_PROBLEM_. Although the data below contains pictures, output only the lines between those holding "mesa con paleta" and "A woman in a", inclusive, exactly and without those pictures.

[Opening DATA UNDER STUDY section]

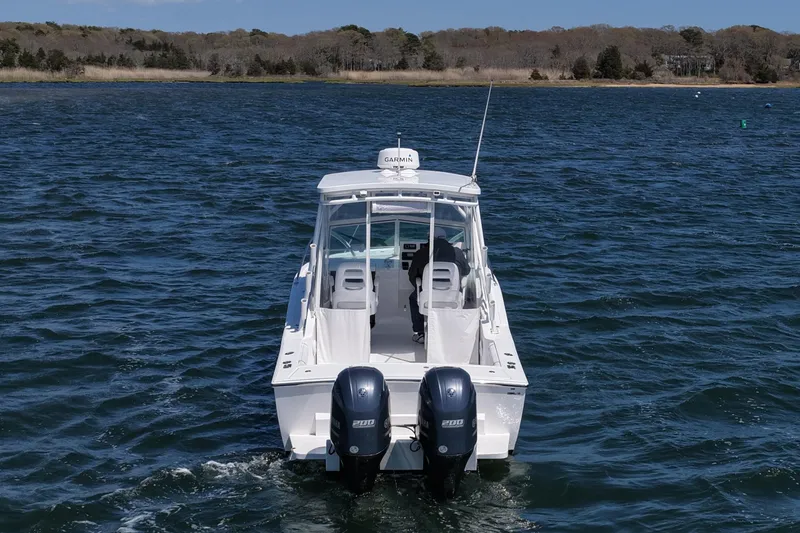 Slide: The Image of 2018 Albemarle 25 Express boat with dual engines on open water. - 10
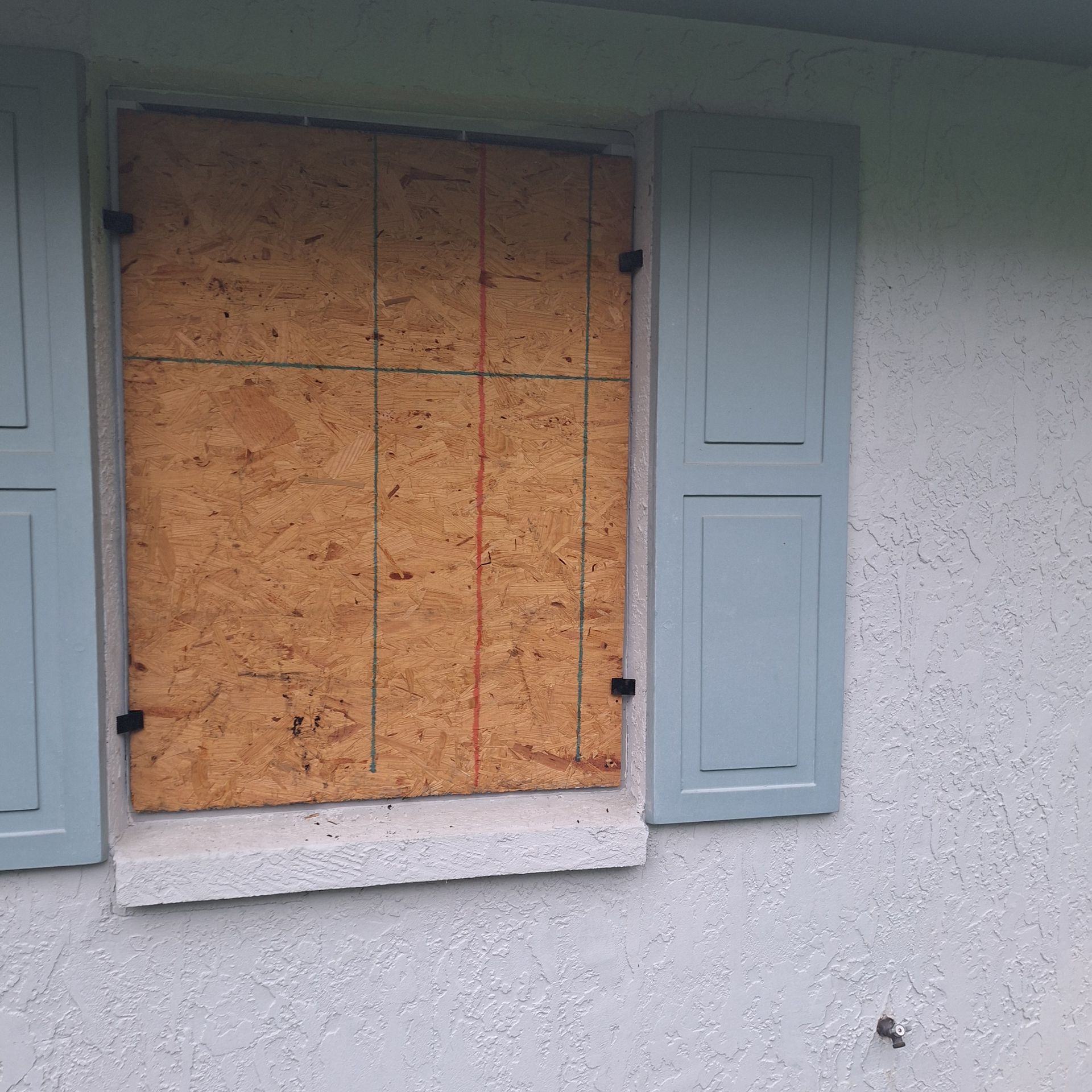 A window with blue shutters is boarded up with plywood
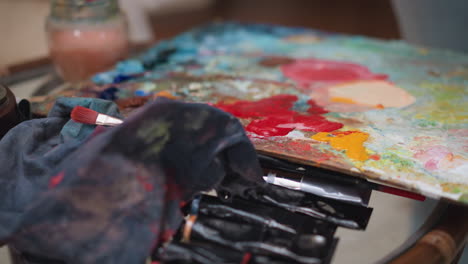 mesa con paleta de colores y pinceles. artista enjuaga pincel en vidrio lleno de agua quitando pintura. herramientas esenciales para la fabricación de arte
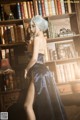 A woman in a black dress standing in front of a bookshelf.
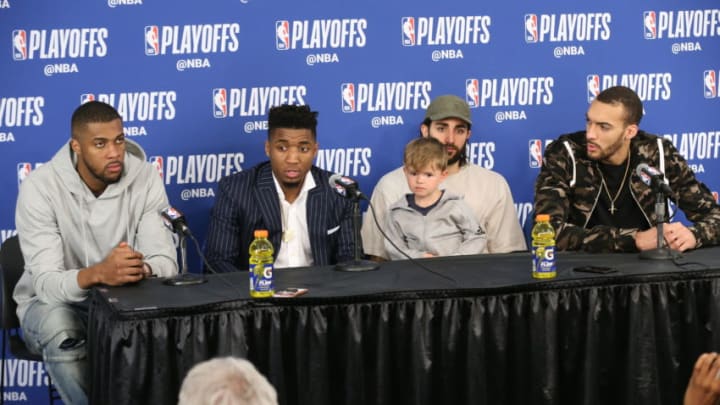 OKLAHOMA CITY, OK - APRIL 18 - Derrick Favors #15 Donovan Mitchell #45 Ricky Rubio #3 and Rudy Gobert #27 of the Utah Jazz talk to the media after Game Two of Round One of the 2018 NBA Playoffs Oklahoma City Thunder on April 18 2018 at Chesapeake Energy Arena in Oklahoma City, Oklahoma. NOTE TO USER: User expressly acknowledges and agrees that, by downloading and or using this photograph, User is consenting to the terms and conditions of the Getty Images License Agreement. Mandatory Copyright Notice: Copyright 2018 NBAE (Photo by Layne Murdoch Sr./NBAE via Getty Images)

[Closing DATA UNDER STUDY section]
[Opening DATA UNDER STUDY section]

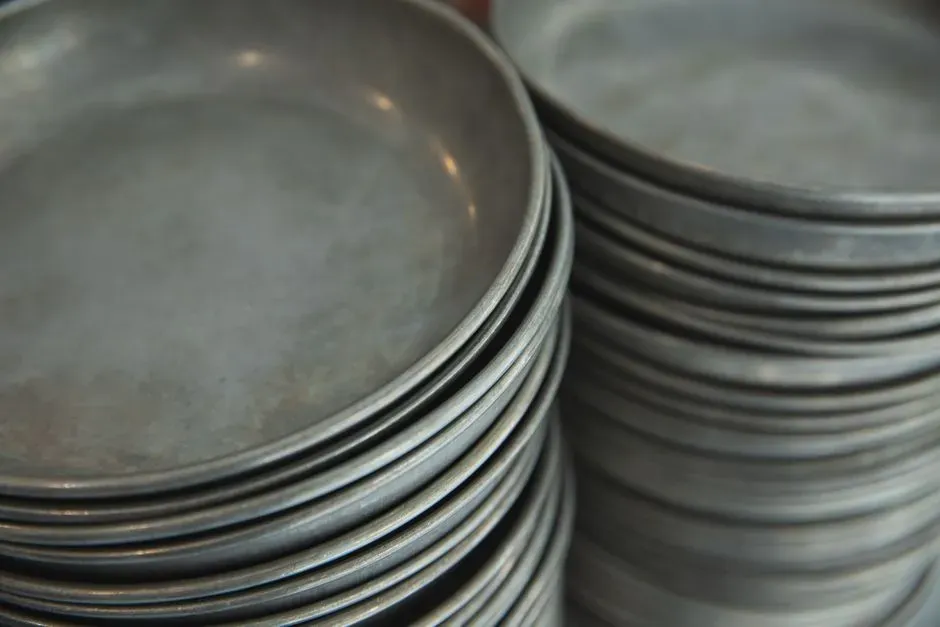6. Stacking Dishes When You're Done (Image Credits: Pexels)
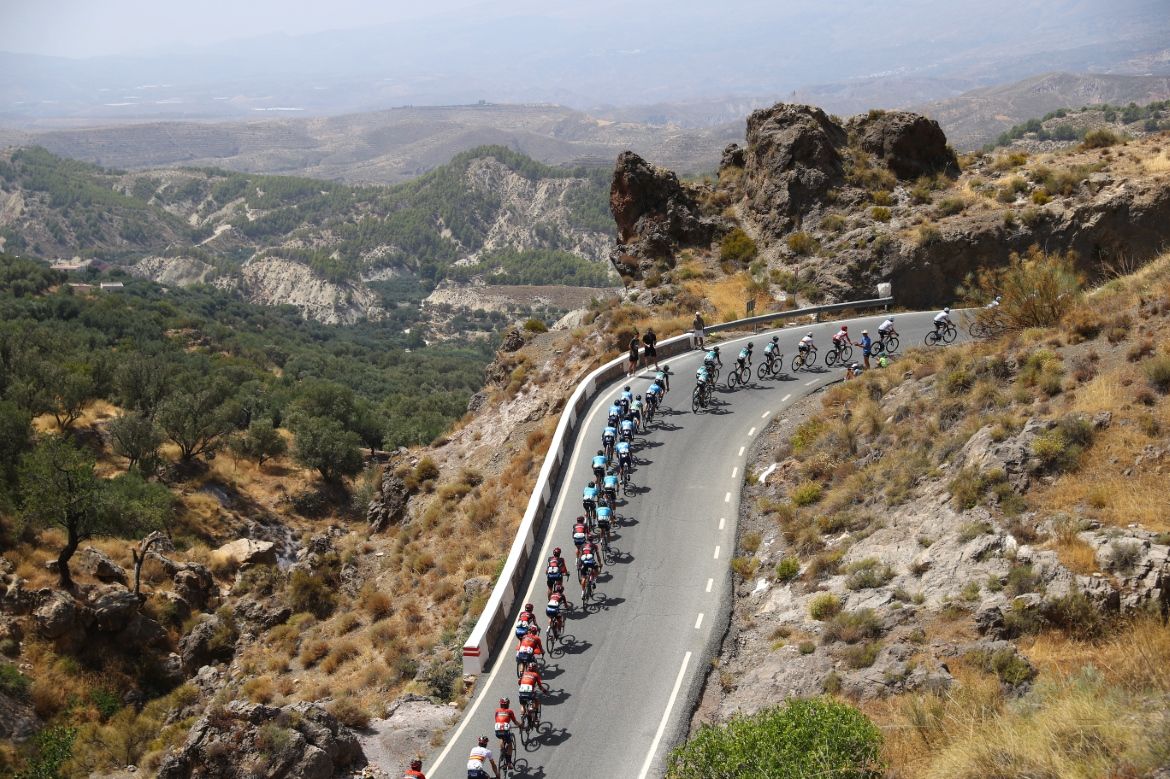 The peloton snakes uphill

[Closing DATA UNDER STUDY section]

_SOLUTION_.
 mesa con paleta de colores y pinceles. artista enjuaga pincel en vidrio lleno de agua quitando pintura. herramientas esenciales para la fabricación de arte
 A woman in a black dress standing in front of a bookshelf.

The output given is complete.